Monday, July 24, 2006

FLSA - overtime pay - executive employees

Davis v. Mountaire Farms - 3d Circuit - July 20, 2006

Summary judgment for the employer reversed. The lower court had held that plaintiff-employees were exempt employees under sec. 213(a)(1) of the Fair Labor Standards Act, 29 USC sec. 213(a)(1), and thus not entitled to overtime pay under the FLSA., 29 USC sec. 201 et seq.

Plaintiffs were "crew leaders" who supervised other employees known as "chicken catchers." They had some supervisory responsibilities but these did not include hiring and firing or making ultimate decisions or actions about things like vacations, holidays, or discipline. Plaintiffs often worked more than 40 hours a week, but the employer refused to pay the overtime, claiming they were exempt executive employees. The crew leaders were hourly employees until 2002, at which time they became salaried, but there was no change in their duties or responsbilities.

The court held that FLSA exemptions are construed against the employer, which has the burden of proof to establish that its employees come within the scope of an overtime exemption.
The employer has to satify all four factors under 29 CFR sec. 541.100(a), the most important one in this case concerned the "authority to hire or fire other employees."

Noting that "the case law on this is is very fact specific and not consistent," and that there were "genuine issues of material fact," the court said that it did "not believe that Mountaire had established its case as a matter of law" and remanded the matter.

disability - remand - limited remand order

Scandone v. Barhhart - ED Pa. - July 18, 2006

Plaintiff appealed an order finding her disabled as of April 1, 2004. The defendant lost hearing tape and asked for a remand. The Court granted Plaintiff's request to prohibit a de novo adjudication finding Plaintiff not disabled or disabled any later than April 1, 2004.

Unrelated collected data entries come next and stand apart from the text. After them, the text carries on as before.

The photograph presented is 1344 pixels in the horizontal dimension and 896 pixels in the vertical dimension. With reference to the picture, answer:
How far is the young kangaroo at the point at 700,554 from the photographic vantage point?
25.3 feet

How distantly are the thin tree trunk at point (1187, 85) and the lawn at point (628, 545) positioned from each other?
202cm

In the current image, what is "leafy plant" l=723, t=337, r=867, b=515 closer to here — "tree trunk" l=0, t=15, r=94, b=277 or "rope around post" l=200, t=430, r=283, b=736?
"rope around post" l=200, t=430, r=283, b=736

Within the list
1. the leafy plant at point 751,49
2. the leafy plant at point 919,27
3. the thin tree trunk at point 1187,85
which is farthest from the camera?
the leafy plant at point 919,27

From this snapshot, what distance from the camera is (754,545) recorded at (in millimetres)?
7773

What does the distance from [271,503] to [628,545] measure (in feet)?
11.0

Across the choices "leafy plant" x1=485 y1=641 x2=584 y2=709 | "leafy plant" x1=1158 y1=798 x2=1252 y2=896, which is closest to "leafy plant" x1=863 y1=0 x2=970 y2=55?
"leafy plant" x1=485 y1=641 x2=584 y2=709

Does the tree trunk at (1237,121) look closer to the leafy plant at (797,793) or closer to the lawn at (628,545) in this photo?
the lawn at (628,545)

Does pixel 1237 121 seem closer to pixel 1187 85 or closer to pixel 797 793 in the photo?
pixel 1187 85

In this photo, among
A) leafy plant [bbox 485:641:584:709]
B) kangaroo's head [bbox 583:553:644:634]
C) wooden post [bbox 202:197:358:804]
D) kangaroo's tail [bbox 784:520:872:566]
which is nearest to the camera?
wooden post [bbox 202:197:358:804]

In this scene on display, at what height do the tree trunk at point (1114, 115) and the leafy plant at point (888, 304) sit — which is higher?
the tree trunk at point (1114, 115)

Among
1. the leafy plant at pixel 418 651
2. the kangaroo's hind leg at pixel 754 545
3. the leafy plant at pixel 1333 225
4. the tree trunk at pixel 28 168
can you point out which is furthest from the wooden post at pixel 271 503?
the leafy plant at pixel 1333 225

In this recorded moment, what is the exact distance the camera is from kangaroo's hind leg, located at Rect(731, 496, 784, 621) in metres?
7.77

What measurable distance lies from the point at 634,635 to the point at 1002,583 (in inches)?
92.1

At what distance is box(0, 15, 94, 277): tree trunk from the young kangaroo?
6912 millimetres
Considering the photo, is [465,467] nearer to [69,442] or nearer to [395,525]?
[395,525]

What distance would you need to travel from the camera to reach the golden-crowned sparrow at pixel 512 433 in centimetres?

The Court said that it would be "unfair to Plaintiff to permit the Commissioner to misplace the hearing tape and then 'reconstruct the record' by holding a new hearing before the ALJ, potentially reversing Plaintiff's prior favorable decision...The case will be remanded...for further administrative proceedings, but the determination that Plaintiff has been disabled since April 1, 2004, will not be subject to de novo adjudication."

admin. law - exhaustion of remedies - class action in equity

Kowenhover v. Board of Assessment of Allegheny County - Supreme Court - July 18, 2006

majority -


The Court held that plaintiffs could bring a class-action complaint in equity, seeking declaratory and injunctive relief, challenging constitutionality of practices and hearing procedures in tax assessment appeals, which were alleged to involve consideration of post-hearing evidence obtained after and outside of the record before the hearing officer.

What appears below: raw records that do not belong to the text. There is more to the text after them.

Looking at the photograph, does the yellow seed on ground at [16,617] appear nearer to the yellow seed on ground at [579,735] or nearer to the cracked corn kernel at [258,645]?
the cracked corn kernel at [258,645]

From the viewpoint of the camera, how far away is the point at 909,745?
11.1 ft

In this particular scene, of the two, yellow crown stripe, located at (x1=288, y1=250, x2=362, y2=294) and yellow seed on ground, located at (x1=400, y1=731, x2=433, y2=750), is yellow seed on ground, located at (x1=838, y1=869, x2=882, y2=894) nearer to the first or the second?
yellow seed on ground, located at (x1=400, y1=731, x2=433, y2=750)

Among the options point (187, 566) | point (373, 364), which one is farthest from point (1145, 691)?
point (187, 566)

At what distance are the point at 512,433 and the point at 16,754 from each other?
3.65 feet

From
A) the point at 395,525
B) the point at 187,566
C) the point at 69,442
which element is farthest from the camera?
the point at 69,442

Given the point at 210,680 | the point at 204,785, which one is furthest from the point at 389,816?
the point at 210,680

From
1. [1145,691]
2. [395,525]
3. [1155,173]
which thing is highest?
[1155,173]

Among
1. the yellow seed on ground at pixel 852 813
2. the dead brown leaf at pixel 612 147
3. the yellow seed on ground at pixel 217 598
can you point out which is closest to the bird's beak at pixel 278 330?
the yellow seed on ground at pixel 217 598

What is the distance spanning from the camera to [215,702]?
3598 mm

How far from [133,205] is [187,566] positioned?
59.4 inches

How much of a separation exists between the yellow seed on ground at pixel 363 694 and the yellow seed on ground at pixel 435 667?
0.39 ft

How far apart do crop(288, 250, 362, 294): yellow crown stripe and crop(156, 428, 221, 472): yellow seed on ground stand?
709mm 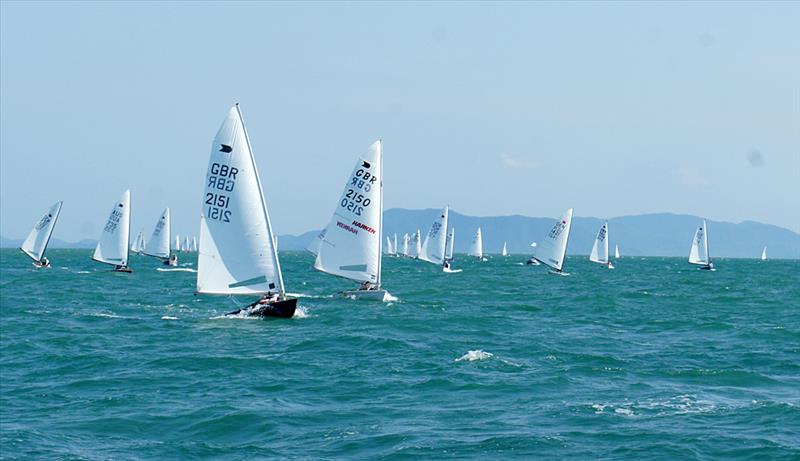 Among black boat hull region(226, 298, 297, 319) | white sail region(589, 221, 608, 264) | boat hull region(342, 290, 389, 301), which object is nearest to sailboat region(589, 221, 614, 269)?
white sail region(589, 221, 608, 264)

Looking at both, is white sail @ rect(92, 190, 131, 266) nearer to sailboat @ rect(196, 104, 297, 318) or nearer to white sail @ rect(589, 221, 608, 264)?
sailboat @ rect(196, 104, 297, 318)

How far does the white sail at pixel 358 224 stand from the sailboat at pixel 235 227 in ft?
32.1

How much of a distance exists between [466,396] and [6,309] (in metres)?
32.1

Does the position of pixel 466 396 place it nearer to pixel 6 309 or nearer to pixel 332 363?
pixel 332 363

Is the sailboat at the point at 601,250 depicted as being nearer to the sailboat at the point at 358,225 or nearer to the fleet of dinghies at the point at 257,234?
the fleet of dinghies at the point at 257,234

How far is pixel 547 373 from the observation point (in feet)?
94.2

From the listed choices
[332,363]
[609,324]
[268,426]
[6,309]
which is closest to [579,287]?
[609,324]

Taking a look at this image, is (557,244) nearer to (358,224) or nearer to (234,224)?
(358,224)

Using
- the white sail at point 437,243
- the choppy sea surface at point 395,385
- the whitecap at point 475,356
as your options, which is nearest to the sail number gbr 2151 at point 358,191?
the choppy sea surface at point 395,385

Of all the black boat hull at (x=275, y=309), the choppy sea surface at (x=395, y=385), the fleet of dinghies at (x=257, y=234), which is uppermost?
the fleet of dinghies at (x=257, y=234)

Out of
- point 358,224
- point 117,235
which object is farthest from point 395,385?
point 117,235

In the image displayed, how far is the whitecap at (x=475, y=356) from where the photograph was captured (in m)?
31.2

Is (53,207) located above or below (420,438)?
above

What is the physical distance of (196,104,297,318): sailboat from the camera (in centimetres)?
3934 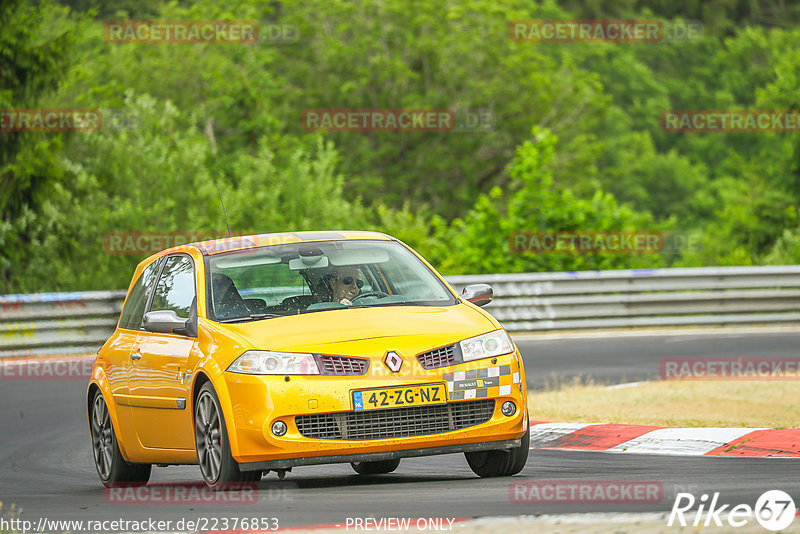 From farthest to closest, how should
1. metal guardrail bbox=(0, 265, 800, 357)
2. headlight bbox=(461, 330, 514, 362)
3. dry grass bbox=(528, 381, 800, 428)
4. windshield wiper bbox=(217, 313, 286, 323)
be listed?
metal guardrail bbox=(0, 265, 800, 357)
dry grass bbox=(528, 381, 800, 428)
windshield wiper bbox=(217, 313, 286, 323)
headlight bbox=(461, 330, 514, 362)

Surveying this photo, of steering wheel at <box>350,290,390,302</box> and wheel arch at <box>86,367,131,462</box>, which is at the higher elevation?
steering wheel at <box>350,290,390,302</box>

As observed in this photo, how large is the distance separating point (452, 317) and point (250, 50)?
43.9m

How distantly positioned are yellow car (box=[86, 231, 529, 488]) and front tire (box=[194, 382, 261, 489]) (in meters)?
0.01

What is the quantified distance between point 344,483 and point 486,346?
1.34 metres

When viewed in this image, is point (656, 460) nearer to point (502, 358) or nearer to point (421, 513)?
point (502, 358)

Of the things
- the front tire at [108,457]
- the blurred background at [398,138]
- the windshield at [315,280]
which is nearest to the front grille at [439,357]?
the windshield at [315,280]

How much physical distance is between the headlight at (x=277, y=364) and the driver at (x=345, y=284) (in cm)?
97

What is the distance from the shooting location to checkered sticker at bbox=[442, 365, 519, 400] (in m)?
7.30

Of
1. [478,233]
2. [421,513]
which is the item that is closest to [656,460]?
[421,513]

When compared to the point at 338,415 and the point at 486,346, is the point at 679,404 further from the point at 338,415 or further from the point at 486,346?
the point at 338,415

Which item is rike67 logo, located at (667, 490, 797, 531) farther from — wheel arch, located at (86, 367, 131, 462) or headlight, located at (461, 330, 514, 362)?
wheel arch, located at (86, 367, 131, 462)

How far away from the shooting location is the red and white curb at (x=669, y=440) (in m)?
8.79

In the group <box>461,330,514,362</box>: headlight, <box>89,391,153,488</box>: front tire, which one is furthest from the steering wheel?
<box>89,391,153,488</box>: front tire

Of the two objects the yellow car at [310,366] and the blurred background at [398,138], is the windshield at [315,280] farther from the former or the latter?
the blurred background at [398,138] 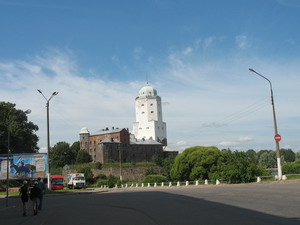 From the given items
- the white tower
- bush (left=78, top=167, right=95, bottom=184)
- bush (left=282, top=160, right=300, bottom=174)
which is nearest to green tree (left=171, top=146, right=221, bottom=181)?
bush (left=282, top=160, right=300, bottom=174)

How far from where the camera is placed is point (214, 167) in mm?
50750

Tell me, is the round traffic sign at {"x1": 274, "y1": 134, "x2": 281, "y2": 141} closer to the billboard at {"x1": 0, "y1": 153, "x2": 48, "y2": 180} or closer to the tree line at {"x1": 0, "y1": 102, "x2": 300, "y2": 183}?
the tree line at {"x1": 0, "y1": 102, "x2": 300, "y2": 183}

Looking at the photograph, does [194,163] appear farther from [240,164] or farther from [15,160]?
[15,160]

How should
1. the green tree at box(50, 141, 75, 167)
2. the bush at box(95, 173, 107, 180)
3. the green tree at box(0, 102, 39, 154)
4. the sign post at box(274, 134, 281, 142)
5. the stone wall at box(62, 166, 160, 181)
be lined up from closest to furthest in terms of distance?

The lower courts had held that such challenges had to be brought in individual cases pursuant to the appeal route provided by statute. The Supreme Court said that its decision allowed equity to assume jurisdiction in cases where "requiring adherence to the statutory avenue would be of little benefit" -- e.g., where the legal remedy would inadequate, incomplete and inefficient and would involve a "multiplicity of duplicative lawsuits" in matters beyond agency expertise -- and where "an action in equity would provide a tidy global resolution...."

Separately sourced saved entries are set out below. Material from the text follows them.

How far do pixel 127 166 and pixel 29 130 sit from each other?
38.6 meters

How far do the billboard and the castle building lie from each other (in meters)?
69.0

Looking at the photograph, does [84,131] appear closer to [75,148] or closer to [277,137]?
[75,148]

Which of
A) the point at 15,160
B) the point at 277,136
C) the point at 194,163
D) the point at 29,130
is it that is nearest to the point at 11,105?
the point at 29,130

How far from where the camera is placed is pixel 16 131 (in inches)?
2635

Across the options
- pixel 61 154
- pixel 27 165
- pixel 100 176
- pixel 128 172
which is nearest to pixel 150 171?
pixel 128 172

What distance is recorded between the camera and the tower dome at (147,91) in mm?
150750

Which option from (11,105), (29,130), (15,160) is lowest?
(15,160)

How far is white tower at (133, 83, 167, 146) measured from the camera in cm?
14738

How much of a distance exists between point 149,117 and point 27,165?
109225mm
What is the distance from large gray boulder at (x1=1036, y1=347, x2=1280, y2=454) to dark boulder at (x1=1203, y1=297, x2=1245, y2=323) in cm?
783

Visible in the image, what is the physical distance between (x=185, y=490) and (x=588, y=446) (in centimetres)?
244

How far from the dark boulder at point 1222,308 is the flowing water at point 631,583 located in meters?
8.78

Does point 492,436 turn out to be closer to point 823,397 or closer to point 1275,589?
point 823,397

tax sale - redemption - residential v. commercial purpose

Lamm v. Fisher - Superior Court - July 19, 2006

The court rejected the petition for redemption, under the Municipal Claims and Tax Liens Law, 53 P.S. 7293, of a person whose property was sold at a sheriff's sale, because the property was used for a commercial rather than residential purpose. The act "is unambiguous and limits redeption to a non-vacant property occupied as a residence."